The question now is what the PRI’s return means for Mexico. Systematically, not that much should change. While many fear the return of an opaque and even authoritarian style government, Mexico’s institutions, even with their imperfections, can withstand such an assault—if one should indeed come. In the past decade, Mexico’s Congress has shaped legislation as much as the president; its Supreme Court has shown itself to be independent, often ruling against the government and vested interests; the media has worked to hold those in power accountable; and Mexico’s civil society has also been increasingly vocal in its demands for a transparent and democratic government. These advances provide important checks on abuses of power, and would make it difficult, if not impossible, for the new government to roll the political system back to that of the PRI’s halcyon days.

Government policies are where Mexico might see real changes. Enrique Peña Nieto faces many serious challenges. The most pressing is security. To diminish the violence, Mexico needs to build on and expand efforts to professionalize its police, moving beyond the federal to state and local forces. The new president also needs to make judicial reform a reality. In 2008 Mexico passed a series of constitutional and legislative reforms to fundamentally transform Mexico’s justice system, introducing oral trials, better ensuring the presumption of innocence, and improving access to an adequate defense. But the law gave the states until 2016 to implement the changes, and so far efforts have lagged. Mexico’s security and basic public safety depends on Peña Nieto getting behind this reform, as without a strong justice system a democratically based rule of law will remain elusive.

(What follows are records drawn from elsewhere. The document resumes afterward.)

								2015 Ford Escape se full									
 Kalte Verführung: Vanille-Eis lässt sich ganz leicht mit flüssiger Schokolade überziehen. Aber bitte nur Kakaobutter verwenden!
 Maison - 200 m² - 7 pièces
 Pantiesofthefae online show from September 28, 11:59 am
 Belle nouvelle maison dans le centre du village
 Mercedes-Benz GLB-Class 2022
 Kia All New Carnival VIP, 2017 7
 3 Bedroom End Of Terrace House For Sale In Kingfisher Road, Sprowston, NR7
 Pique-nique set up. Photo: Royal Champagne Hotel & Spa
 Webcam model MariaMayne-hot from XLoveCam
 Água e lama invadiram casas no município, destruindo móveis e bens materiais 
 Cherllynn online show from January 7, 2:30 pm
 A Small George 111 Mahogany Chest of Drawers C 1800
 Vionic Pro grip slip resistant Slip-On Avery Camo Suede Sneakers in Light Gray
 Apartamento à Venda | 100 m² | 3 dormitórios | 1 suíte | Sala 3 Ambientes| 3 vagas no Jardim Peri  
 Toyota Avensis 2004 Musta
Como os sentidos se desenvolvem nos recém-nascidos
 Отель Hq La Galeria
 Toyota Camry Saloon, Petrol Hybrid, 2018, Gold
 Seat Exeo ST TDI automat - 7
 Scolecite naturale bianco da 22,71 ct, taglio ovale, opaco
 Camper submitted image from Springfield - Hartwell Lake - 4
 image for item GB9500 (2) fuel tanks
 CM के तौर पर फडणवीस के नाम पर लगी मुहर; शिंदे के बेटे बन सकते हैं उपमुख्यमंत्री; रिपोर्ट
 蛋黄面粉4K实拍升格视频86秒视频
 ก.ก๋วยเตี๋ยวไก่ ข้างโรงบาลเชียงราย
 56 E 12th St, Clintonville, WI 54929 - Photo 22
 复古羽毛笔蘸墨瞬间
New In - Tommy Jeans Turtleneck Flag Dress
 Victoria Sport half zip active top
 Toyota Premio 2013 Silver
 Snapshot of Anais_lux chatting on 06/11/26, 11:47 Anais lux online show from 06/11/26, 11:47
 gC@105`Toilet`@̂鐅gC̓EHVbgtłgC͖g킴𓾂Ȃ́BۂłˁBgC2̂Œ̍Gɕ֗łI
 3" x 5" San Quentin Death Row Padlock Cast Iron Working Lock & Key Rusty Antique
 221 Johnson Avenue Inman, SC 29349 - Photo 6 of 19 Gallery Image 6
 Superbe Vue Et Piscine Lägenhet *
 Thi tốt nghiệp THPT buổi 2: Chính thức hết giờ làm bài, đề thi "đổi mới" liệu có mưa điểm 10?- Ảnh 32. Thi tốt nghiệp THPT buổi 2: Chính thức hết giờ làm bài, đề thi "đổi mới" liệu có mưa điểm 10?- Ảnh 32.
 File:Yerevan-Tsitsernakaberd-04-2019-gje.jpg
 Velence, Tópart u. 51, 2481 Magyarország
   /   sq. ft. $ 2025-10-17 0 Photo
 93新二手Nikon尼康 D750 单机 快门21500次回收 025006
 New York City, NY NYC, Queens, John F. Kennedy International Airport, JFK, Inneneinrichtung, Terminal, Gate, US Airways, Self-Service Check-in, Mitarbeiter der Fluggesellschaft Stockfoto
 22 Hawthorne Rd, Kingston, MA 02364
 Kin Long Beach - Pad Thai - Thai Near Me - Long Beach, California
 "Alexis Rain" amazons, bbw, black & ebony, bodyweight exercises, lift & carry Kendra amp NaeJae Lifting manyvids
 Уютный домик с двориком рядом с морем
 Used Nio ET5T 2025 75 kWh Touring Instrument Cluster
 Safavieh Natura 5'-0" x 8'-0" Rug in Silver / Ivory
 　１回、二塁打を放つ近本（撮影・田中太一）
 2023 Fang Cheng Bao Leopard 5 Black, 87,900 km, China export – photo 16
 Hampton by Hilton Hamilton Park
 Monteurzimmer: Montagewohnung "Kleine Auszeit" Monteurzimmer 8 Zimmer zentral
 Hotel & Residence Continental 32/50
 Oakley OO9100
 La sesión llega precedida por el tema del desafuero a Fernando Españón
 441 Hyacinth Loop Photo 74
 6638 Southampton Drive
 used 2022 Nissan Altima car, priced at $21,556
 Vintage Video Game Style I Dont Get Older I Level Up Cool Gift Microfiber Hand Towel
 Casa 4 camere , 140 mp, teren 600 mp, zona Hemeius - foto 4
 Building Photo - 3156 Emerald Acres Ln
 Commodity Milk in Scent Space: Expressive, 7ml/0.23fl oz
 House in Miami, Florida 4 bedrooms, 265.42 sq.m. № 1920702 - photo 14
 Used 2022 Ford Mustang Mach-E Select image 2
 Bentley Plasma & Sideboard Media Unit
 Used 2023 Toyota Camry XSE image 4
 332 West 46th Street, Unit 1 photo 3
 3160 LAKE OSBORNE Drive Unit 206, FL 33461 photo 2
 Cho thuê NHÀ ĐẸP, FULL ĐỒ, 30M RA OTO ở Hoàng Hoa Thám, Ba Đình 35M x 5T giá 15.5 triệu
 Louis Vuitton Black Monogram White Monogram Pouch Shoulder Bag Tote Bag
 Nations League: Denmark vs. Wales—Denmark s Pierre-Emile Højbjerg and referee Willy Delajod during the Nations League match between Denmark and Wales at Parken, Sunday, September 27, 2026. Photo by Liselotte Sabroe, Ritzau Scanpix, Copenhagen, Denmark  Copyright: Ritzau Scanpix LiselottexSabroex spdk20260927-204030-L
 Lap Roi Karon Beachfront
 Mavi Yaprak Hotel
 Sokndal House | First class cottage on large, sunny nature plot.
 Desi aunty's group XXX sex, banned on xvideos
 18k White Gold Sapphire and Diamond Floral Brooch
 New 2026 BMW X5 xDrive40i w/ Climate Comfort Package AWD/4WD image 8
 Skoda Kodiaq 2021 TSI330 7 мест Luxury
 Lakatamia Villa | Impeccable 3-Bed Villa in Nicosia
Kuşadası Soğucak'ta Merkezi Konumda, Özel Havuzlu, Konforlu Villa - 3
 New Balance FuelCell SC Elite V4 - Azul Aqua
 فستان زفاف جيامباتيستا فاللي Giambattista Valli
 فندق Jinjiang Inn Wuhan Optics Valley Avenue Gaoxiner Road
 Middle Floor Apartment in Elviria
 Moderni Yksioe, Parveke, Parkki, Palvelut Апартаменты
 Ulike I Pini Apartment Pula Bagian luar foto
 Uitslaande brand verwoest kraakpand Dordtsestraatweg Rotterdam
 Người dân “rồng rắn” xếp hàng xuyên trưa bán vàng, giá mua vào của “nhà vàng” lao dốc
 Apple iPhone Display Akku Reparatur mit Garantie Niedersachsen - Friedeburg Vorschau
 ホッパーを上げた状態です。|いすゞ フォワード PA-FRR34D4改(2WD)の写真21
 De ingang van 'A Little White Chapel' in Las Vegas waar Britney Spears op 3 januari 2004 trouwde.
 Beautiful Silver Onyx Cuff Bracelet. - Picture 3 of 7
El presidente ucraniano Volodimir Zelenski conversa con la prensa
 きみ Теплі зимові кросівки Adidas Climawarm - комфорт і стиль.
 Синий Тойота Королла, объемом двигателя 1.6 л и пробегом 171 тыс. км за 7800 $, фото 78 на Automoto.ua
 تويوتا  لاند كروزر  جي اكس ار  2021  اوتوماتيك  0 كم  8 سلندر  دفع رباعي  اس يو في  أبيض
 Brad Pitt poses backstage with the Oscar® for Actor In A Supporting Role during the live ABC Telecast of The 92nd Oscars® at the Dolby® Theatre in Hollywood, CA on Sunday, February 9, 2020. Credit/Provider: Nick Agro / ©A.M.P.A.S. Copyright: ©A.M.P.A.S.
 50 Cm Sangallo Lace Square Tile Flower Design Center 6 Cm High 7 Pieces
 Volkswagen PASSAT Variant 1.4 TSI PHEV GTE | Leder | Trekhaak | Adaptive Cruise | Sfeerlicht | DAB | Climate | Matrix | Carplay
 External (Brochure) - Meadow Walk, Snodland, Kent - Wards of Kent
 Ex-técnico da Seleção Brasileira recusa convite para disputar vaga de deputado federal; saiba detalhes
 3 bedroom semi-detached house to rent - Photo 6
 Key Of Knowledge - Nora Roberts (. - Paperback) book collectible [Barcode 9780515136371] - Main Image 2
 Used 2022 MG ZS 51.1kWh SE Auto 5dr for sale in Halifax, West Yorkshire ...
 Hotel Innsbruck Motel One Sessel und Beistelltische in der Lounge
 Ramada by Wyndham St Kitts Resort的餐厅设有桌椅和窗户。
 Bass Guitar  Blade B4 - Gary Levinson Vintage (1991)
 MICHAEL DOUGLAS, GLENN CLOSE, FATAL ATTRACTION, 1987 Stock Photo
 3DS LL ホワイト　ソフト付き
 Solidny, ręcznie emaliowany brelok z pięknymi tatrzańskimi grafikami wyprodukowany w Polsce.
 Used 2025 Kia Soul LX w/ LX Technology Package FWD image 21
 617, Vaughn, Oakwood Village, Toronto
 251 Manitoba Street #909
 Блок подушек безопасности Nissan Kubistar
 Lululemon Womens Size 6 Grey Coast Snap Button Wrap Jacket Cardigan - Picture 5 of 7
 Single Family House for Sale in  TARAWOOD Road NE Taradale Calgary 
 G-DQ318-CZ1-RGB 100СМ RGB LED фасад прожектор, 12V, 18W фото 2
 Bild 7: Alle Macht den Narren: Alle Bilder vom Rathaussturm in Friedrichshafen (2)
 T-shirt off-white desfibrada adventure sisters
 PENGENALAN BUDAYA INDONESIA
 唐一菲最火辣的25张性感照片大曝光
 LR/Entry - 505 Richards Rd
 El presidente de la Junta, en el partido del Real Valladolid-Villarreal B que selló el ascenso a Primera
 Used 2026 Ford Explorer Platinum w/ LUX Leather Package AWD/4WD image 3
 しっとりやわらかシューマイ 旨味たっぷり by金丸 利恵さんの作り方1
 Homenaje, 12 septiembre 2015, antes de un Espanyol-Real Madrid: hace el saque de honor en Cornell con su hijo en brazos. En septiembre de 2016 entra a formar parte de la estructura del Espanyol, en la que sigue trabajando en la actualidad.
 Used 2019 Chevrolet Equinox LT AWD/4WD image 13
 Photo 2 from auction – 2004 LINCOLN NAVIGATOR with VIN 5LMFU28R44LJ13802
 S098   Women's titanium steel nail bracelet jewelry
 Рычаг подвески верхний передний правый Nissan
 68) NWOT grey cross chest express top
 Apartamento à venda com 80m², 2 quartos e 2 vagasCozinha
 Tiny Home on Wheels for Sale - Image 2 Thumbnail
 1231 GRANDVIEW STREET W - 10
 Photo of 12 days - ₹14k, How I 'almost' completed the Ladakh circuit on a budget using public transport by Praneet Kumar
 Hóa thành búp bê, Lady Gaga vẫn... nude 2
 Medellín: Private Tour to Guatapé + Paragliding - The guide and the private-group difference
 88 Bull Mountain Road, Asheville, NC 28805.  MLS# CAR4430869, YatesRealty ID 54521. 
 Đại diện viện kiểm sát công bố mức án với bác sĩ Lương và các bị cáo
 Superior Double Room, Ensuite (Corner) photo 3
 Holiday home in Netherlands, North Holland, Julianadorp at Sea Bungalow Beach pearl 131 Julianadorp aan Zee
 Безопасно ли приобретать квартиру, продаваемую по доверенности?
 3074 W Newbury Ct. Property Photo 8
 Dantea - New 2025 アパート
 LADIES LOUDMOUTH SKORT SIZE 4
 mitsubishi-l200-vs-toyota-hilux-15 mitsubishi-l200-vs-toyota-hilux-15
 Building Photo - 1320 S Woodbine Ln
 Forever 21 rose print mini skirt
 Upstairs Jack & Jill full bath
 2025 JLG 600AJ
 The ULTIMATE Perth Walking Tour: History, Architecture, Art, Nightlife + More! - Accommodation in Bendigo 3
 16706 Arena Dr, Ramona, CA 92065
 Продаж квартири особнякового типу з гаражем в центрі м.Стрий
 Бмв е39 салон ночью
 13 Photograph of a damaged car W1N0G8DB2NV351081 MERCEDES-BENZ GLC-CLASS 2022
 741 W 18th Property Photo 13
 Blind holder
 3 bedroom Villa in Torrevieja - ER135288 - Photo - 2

Economically, domestic and international audiences alike will be looking to the next government to pass the structural reforms needed for Mexico to become more productive, more competitive, and grow faster. This starts with the state-owned energy sector. Though notoriously a political third rail in Mexico, during the campaign Peña Nieto promised to open up the sector to private investment, à la Brazil’s Petrobras. Also on the business sector’s docket is labor reform to make hiring and firing less rigid; codes that keep many in the informal (and much less productive) sector. And, with tax collection rates some of the lowest in the hemisphere, Mexico needs a fiscal reform, boosting revenue both to replace diminishing oil intakes (now nearly a third of federal government revenue) and to better fund vital public goods—such as infrastructure, social security, and basic safety. Finally, Mexico needs to strengthen its regulatory agencies in order to level the often uneven economic playing field.

Enrique Peña Nieto will take office on December 1, 2012. The coming weeks and months will provide hints at how the president-elect will govern as he begins to fill cabinet posts, prioritize issues, and outline policies. What is clear is that the new government needs to make the most of its electoral momentum. If the PRI pessimists are correct, and these opportunities go wasted, Mexico will continue to fall behind its global peers. But if Peña Nieto makes the most of his political capital and pushes through much needed changes, he and the PRI can help Mexico on its way to a better place, both at home and on a global stage.